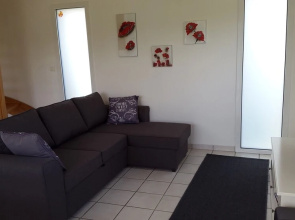 House With 2 Bedrooms in Kerlouan, With Enclosed Garden and Wifi - 150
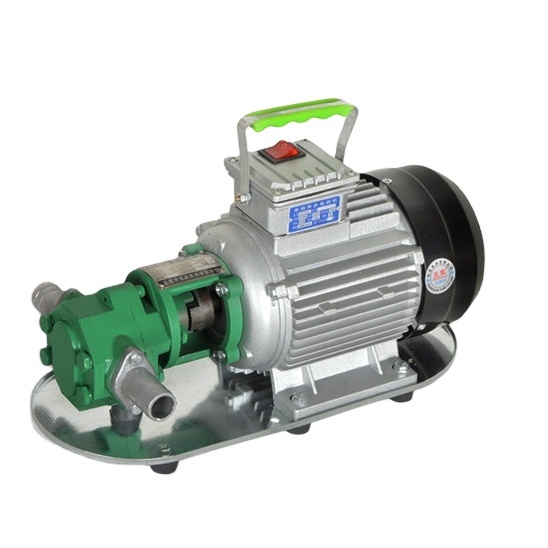 High Quality Gear Pump for Fuel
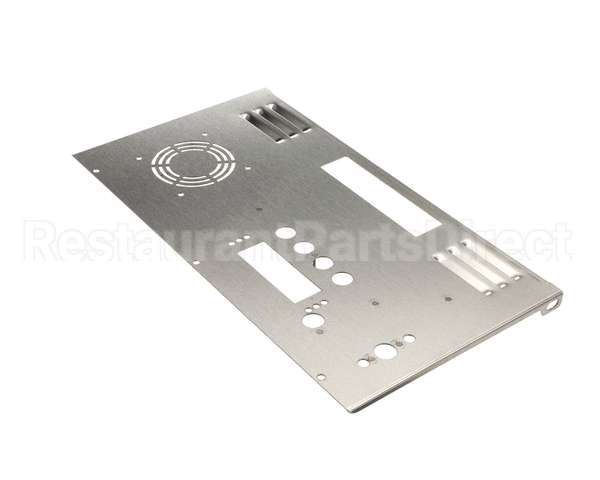 0022028 Antunes Control Housing Cover Weldment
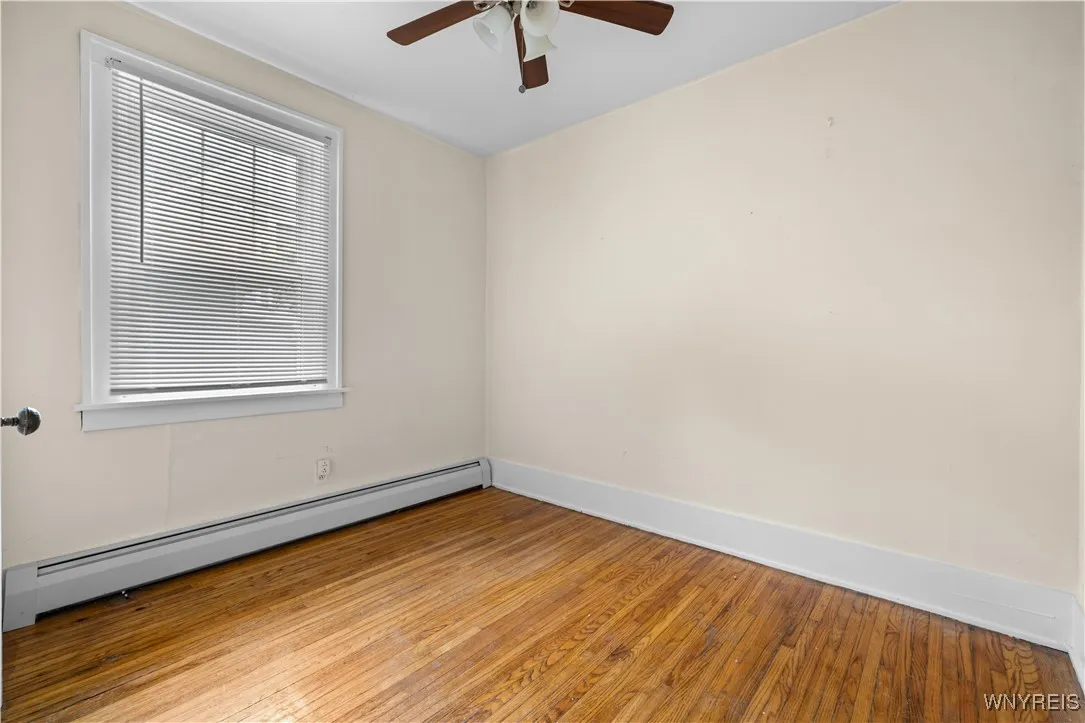 Unit 2 bedroom 2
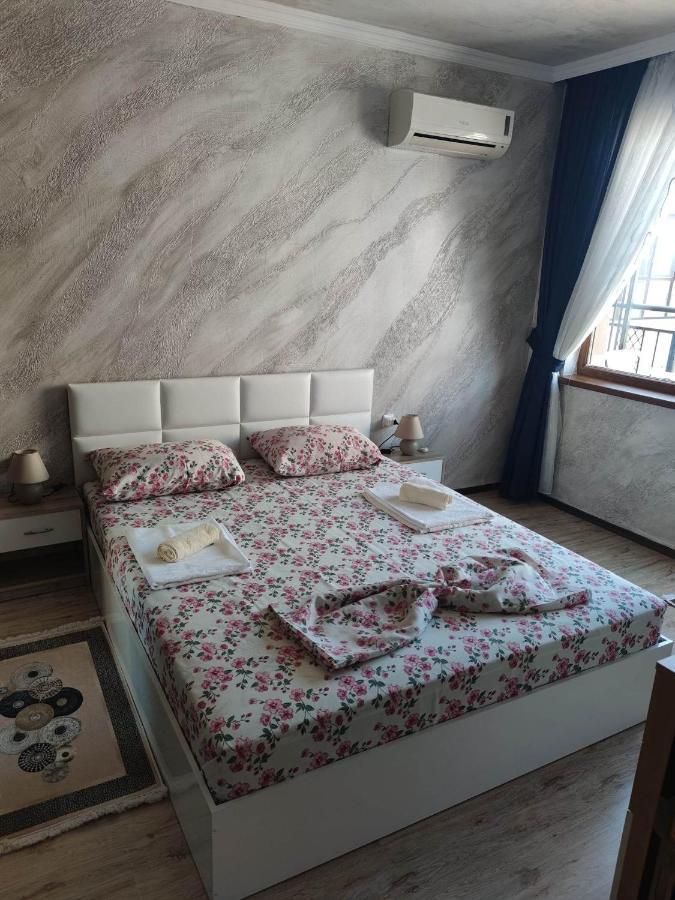Apartament Piero ポモリエ エクステリア 写真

• WHAT YOU HAVE TO DO
Would you mind repeating the records above exactly, without the pictures?

• YOUR RESPONSE
 House With 2 Bedrooms in Kerlouan, With Enclosed Garden and Wifi - 150
 High Quality Gear Pump for Fuel
 0022028 Antunes Control Housing Cover Weldment
 Unit 2 bedroom 2
Apartament Piero ポモリエ エクステリア 写真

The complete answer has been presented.